Saraç, babasının ilmi faaliyetleri ve kendisinin akademik çalışmaları devam ederken baba-evlat ilişkilerinin nasıl geliştiğine değinerek, babasının kendisinin belli yeterliklere sahip olmasını istediğini belirtti.
Kendisinden Osmanlı Türkçesi'ni güzel yazmasını, öğrenmesini, dini bilgilerinin sağlam olmasını istediğini ve insana doğruyu, güzeli gösterme niteliği taşıyan "hikemi" şiir okumaya teşvik ettiğini aktaran Saraç, "Babam çok yumuşak bir tabiata sahipti. Hayatımda hiçbir zaman sert, şiddetli bir sözünü işitmiş değilim. Hatta evde annemle herhangi bir münakaşasına dahi şahit olmadım. Bu da tabii bize çok tesir etti." diye konuştu.
Saraç, babasının hoca olacak bir insanın müktesebatının geniş ve çeşitli fenlerde bilgi sahibi olması tavsiyesinde bulunduğunu dile getirerek, "Hatta zaman zaman beni de 'Musiki makamlarını niye bilmiyorsun' diyerek eleştirirdi. Kendisi Türk sanat musikisinden herhangi bir musiki dinlediğinde, makamını tefrik edebilirdi." şeklinde konuştu.
"Dersleri nedeniyle evimize vakit ayıramıyordu"
Kendisinden yeterince ilim tahsil edemediği için üzüldüğünü, babasının da dersleri nedeniyle evine fazla vakit ayıramadığını anlatan Saraç, onunla Buhari-i Şerif ve Müslim-i Şerif hadis kitaplarını kamilen okuduğunu söyledi.
Saraç, kitap sevgisini de onun sayesinde kazandığına işaret ederek, "Şimdi maalesef bir moda haline gelen eslafa, geçmiş ulemaya tan etme ve onların eserlerini tenkit etmeyi itiyat haline getirmekten bizi sakındırırdı. 'Eslafımıza hürmet göstermeli, onların eserlerini tenkit etmek için değil istifade etmek için okumalıyız' derdi." dedi.
Babasının, İslam'ın hayatın bir parçası değil bütünü haline getirilmesi gerektiğini söylediğini bildiren Saraç, şöyle devam etti:
"Babam, 'Hangi vazifede olursanız olun vazifenizi eksiksiz yapın' derdi. Vefatına yakın bir zamanda yoğun bakıma kaldırıldığı bana haber verildiğinde çok hızlı bir şekilde İstanbul'a gittim.

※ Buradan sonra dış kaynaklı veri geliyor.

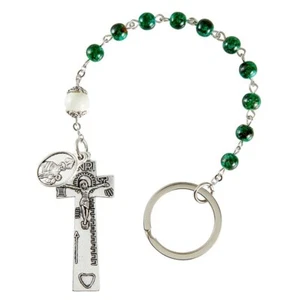 Irish Penal Rosary - 6mm Glass Beads 8mm Capped Pater - St. Patrick Dangle 9" - Picture 1 of 5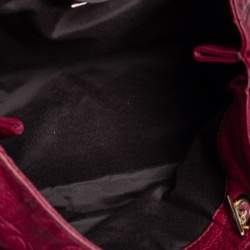 Pre Owned Carolina Herrera Maroon Monogram Leather Audrey Tote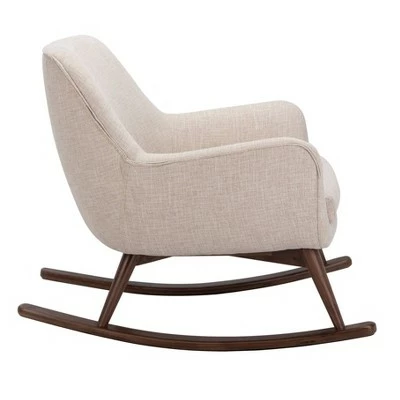 Mack Mid-Century Rocking Chair Oatmeal - Safavieh 5 Mack Mid-Century Rocking Chair Oatmeal - Safavieh - Image 3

Yoğun bakım odasına girdiğimde babam zar zor başını kaldırdı. İlk cümlesi şu oldu bana, 'Sen Ankara'dan devlet vazifeni nasıl bırakıp da buraya geliyorsun. Senin vazifen var, bu milletin senin üzerinde hakkı var' dedi. Bu çok önemli bir husus, kaybettiğimiz bir değer."
"Derslerini 60 yıl boyunca aksatmadan yürüttü"
Saraç, babasının kendisinden bahsederken ilim talebesi anlamına gelen "talibi ilim olduğunu" söylediğini ve "Sizler bizim gördüğümüz hocaları görmediğiniz için bizlere hoca diyorsunuz, asıl hocalar onlardı." sözünü aktararak, "Kitap okumayı ve tedrisi çok severdi. Elinden kitap düşmezdi. Evde babamın elinde ya Kur'an-ı Kerim ya da bir kitap olurdu. Bunun dışında başka bir şeyle meşgul olduğunu görmezdim." değerlendirmesinde bulundu.
Yekta Saraç, babasının yağmura-kara aldırmadan 60 yıl boyunca Fatih Camisi'ndeki derslerini aksatmadan yürüttüğünü ve rahatsızlığı ilerleyinceye kadar camide ders okutmayı sürdürdüğünü vurguladı.
Daha sonra dizlerindeki rahatsızlığının artması nedeniyle talebelere evinde ders vermeye başladığını ve bir müddet sonra rahatsızlığın daha da ilerlediğini ifade eden Saraç, sözlerini şöyle sürdürdü:
"Üst kattaki dairemize hemşireler babamı tekerlekli sandalye ile getiriyorlar ve bu halde aile efradına ders vermeye devam ediyordu. Zamanla sesi kısılmaya başladı. İlk hadisi kendisi okuyarak dersi başlatıp, dinleyip gerektiğinde açıklama yaparken, daha sonraları buna da nefesi yetmemeye başladı. Yine de ilk hadisin ilk cümlesini, başlangıcını okuyarak da olsa ders vermeye gayret etti. Rahatsızlığı daha da ilerleyince biz okurken Buhari'yi parmağıyla takip ederek dersi sürdürmeye çalışıyordu. Vefatı cuma günü olmuştu, bir önceki gün yani kandil gecesine tesadüf eden perşembe günü dahi Buhari dersini bu şekilde yapmıştı."
"Ahlaki yönü, insanların kendisine muhabbet duymasına vesile oldu"
Saraç, babasının Hazreti Muhammed'in "Yeryüzünün doğusunun da batısının da İslam ile müşerref olacağına" ilişkin hadisini dilinden düşürmediğini dile getirerek, talebeleri ve gençleri sürekli ümitvar olmaya teşvik ettiğini, hep "Güneş doğmadı ama tan yeri ağardı." sözünü söylediğini aktardı.
Babasının ahlaki yönünün diğer insanların kendisine muhabbet duymasına vesile olduğunu vurgulayan Saraç, şunları kaydetti:
"Münakaşayı sevmezdi, insanlara müsamaha ile yaklaşırdı. 'Sizle alakayı kesenle siz alaka kurun, size fenalık edeni affedin, çokça hadis okuyun ki huyunuz yumuşak olsun, din kardeşleriniz ile rabıtanızı güçlendirin, Müslümanların durumu ile alakadar olun.' diye sürekli nasihat ederdi. Bununla birlikte İslami hususlarda tavizsizdi. 'Müslümanın ölçüsü Kitabullah ve Sünnet-i Resullullah'tır. Bu iki şeye sarıldığımızda Efendimizin söylediği gibi asla dalalete düşmeyiz.' derdi."